Ending the Integration Process

As the different teams involved in the integration effort work their way through their backlogs, uncertainty decreases. Keeping the charter and functional checklists aligned with the goals of the initiative becomes simpler, as does managing dependencies, and coordinating the project becomes less complex overall. Successfully closing the project within the charter parameters looks increasingly probable.

The integration process does not conclude all at once. Integration ends in the same manner in which it began, with teams gradually closing out their backlogs and exiting the project in a staggered fashion. Only the deal team remains by the very end of the deal. When the deal team finds that all of the end state requirements of the project have been met, the deal lead requests approval from the sponsor of the M&A initiative — generally the CEO or board — to formally close the project. Upon receiving this approval, the deal lead holds its own project retrospective to analyze the process and lay the foundation for future improvements.

Formal Binder Close

If the integration project successfully realizes its True North goals, the ending stages of the M&A lifecycle can be a relatively relaxed affair, focusing on potential process and alignment improvements.

In the event that the integration project failed to meet its objectives, this closing period becomes much more hectic and critical. The integration team must take this as a chance to reflect on what went wrong and to come up with potential solutions for future projects. In the unlikely event that the project failed due to incompetence or mismanagement on the side of the integration team, this reflection is largely an internal process. Most integrations fail, however, for reasons beyond the integration team’s control.

If the gap between corp dev and integration was not effectively bridged, the integration team may have been handed a fundamentally unworkable asset, or have been expected to meet unrealistic True North goals. Even in cases in which the entire initiative was completed according to best practices — with a dedicated deal team involved from the beginning, a perfectly executed due diligence, and a realistic set of expectations — unforeseen variables could cause the asset to fail to realize its expected potential, or even precipitate a catastrophic failure resulting in the early termination of the integration effort.

Regarding failure, there are three important facts to keep in mind about M&A:

  1. Most M&A initiatives fail during integration.
  2. This failure typically has nothing to do with the integration team.
  3. The integration team is usually blamed for failure anyway.
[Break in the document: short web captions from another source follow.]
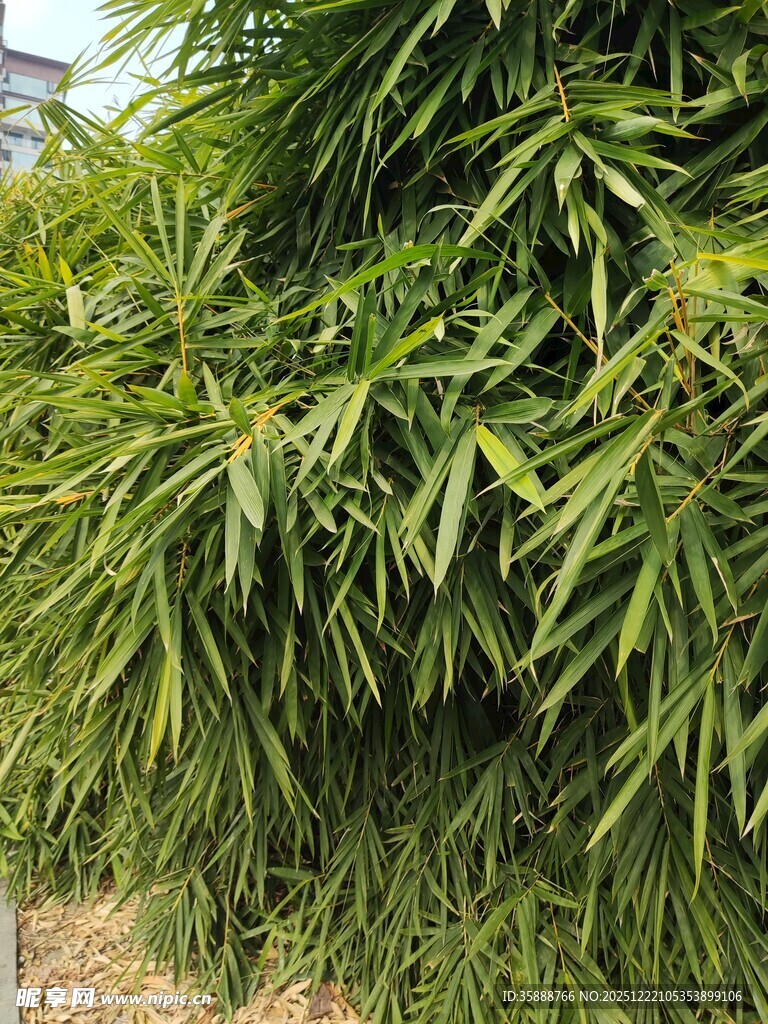 翠绿繁茂的竹叶景观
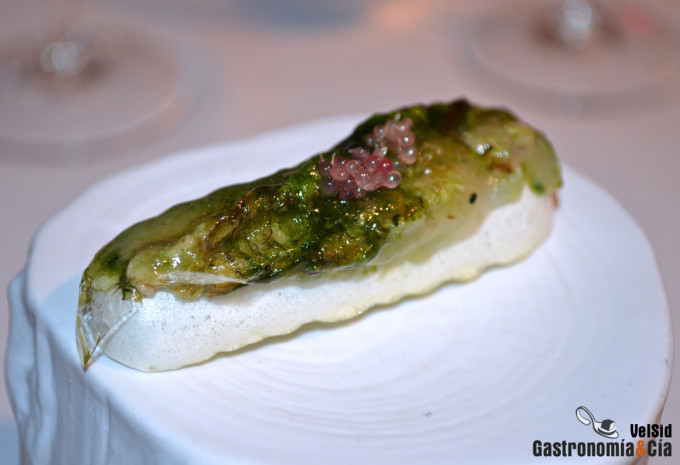 Jornadas de la Galera 2017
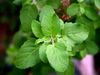 Tulsi is a herb for all reasons - 5 uses of the Holy Basil to improve overall health, boost immunity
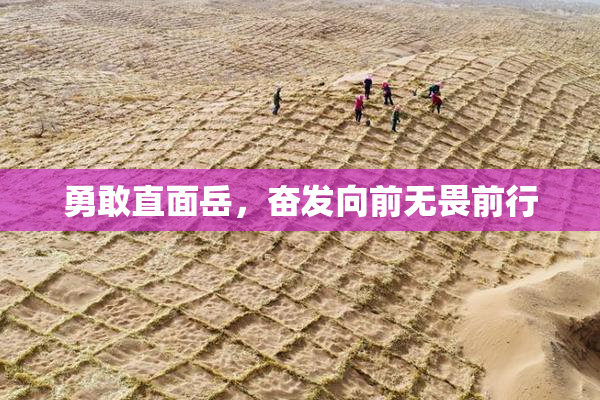 勇敢直面岳，奋发向前无畏前行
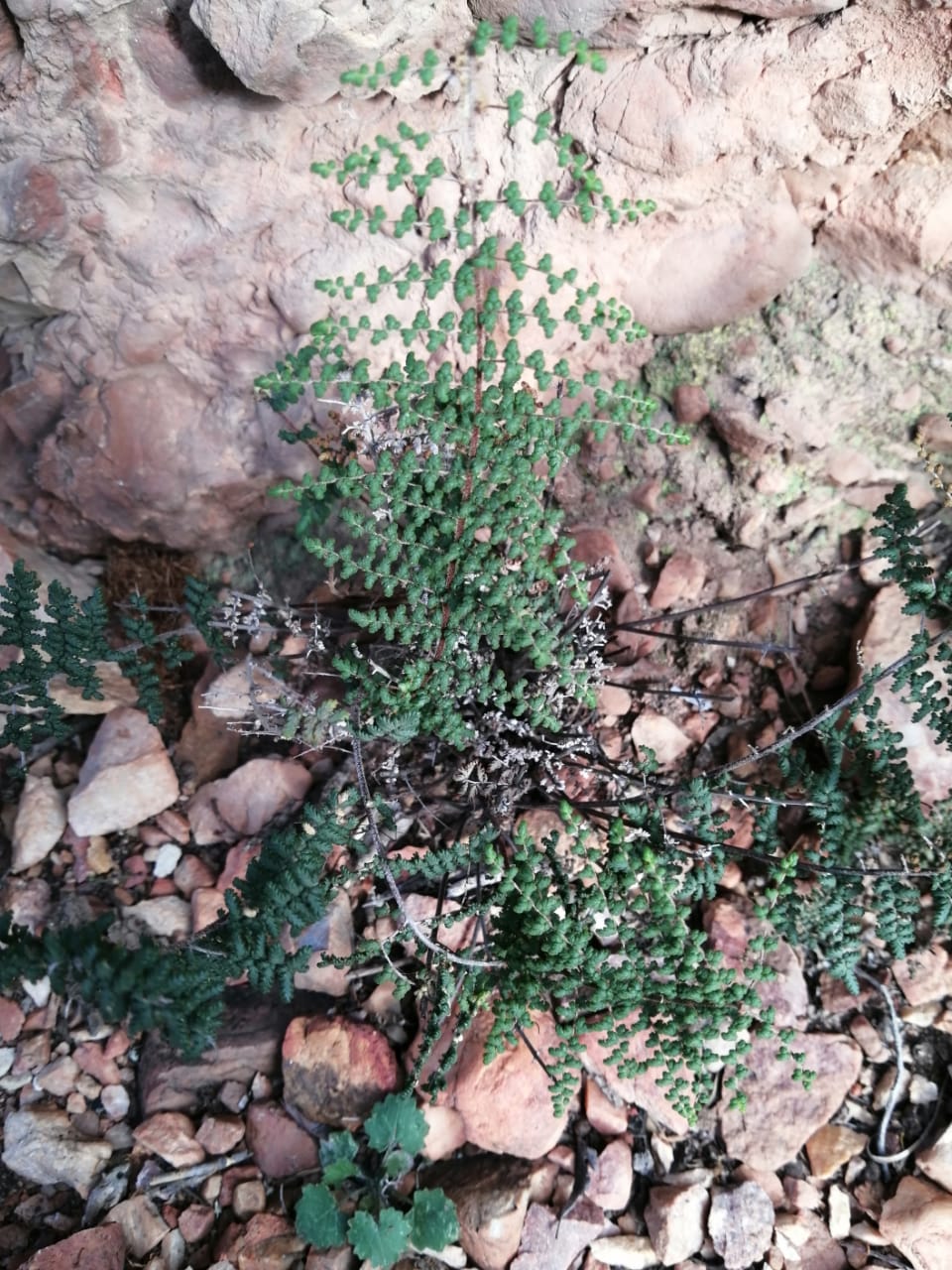 Red Rock Ridge Plants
To make matters worse, when an integration effort succeeds, the integration team’s accomplishments usually go unnoticed or unappreciated. By the time the deal is closed, corp dev and the sellers of the acquired business have already celebrated the success of the M&A initiative. If the deal fails post-close, the integration team makes for an easy target. For the integration team, it is a lose-lose situation, and many integration specialists harbor a degree of resentment towards corp dev teams and executives.

An Agile M&A approach neutralizes this disjoint between integration and corp dev from the beginning of the project, by making the case for a true partnership between the two teams — or, ideally, for integration and corp dev to act as a unified team. When both own the process and are tied to long-term outcomes, there is little reason to place blame.
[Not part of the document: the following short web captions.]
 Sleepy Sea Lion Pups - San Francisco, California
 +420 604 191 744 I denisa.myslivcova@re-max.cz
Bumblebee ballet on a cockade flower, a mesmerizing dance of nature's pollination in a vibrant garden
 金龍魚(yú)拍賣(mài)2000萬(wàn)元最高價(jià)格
A retrospective to mark the formal close of the M&A project allows for issues that arose during the deal to be considered in a productive way. By presenting a meaningful analysis of precisely what went wrong with the deal, the deal team can clear their name and start a conversation about aligning the two phases of the M&A lifecycle. The post-close retrospective captures lessons learned and generates ideas for improving the process in future iterations.

Once the formal closing process is complete, the deal team officially disbands, and the M&A lifecycle is complete.

Tips and Strategies:
There is a well-established inverse relationship between the amount of time an integration takes and the likelihood that it will succeed. Accordingly, it is critical to ensure that integration happens according to a clearly defined schedule. The initial momentum following an acquisition can help to propel a team rapidly through a well-mapped integration strategy. Around 100-120 days into the process, however, that momentum dwindles, and issues of fatigue and low team morale set in. It is critical to try to hit key goals within this timeframe; some projects, however, will inevitably take longer. A single block or bottleneck can jeopardize the momentum of your integration — a series of complications can destroy value creation entirely.

To avoid becoming bogged down, it is imperative that teams make every conceivable effort to eliminate unnecessary or repetitive work, communication lags, or other avoidable slowdowns and blockages. This will help to ensure that the complex process of integrating a new asset into the structure of the acquiring company has every possible chance to succeed.